Allright, thank you! I need to re-evaluate then.

timschmidt · 2026-05-07T05:18:06 1778131086

I think there's a level above that where the words to describe such structure are familiar and readily available and hey guess what? The model understands those too. Just about every pattern has a name. Or a shape. Or an analog or metaphor in other languages or codebases. All work as descriptors.

necovek · 2026-05-07T06:42:19 1778136139

This presumes that most of this stays encoded as words in our brains: the effort to translate some of these into words might be similar to translating it into code (still words, just very precise).

It's like talking legalese vs plain English; or formal logic vs English. Some people have the formal stuff come more naturally, and then spitting code out is not a burden.

timschmidt · 2026-05-07T22:21:57 1778192517

No, it really doesn't presume anything about brains or information encoding. Just points out that there is a level of mastery in which all the techniques and all the forms have names or adequate descriptions. Teachers often attempt to achieve this, to facilitate education.

necovek · 2026-05-07T22:35:02 1778193302

It's no accident there is an adage from Aristotle in the vein of: "Those who can, do. Those who understand, teach."

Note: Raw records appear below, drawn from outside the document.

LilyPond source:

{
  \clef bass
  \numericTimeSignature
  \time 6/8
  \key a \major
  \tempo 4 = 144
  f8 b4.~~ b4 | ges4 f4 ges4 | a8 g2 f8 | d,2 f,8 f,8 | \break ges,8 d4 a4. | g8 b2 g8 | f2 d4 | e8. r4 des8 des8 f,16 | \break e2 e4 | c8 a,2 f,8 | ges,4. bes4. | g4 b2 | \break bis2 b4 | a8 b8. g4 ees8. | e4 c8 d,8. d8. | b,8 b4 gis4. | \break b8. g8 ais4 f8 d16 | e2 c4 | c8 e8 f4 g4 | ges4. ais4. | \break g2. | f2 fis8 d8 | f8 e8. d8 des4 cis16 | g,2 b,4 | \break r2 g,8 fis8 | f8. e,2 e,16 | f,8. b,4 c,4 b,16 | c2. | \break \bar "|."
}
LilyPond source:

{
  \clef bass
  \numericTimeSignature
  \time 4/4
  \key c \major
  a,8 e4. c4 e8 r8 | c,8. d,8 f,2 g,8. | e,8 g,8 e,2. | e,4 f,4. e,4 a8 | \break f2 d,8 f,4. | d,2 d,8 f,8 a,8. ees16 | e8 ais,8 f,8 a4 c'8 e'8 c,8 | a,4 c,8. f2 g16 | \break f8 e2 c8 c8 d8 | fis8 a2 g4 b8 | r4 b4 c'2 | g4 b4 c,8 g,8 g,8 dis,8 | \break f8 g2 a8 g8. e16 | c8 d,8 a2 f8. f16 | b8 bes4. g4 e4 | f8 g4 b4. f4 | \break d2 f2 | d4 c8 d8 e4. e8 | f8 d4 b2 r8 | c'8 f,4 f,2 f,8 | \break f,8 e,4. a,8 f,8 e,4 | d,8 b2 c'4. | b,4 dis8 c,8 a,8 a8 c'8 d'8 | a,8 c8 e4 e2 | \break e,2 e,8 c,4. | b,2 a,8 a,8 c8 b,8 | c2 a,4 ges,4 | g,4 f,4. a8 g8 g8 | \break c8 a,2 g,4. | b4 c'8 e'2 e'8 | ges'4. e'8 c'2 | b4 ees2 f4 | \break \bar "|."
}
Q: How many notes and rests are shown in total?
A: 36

So yes, there is a level of mastery that is beyond being able to do a good job of designing and evolving complex systems which enables people to teach others the same skill set.

However, this is a smaller number of practitioners, and most have learned through practice and looking over how more experienced engineers apply their knowledge.

Where I disagree is that this means everybody is equally capable of teaching with words, or that there are no experts who are bad at teaching (humans or directing AI) — this clearly indicates it is not encoded as words for said experts.

timschmidt · 2026-05-08T00:53:13 1778201593

It's been pretty clear in my experience that experts tend to be capable of working with the same ideas in many different forms. That's what I would call mastery. It implies "complete" knowledge, which probably means several interrelated encodings with loci in different parts of the brain. Those interrelated encodings will be highly associated, and discerning in an expert. Which implies a high degree of usefulness and specificity in communication. This matches my experience.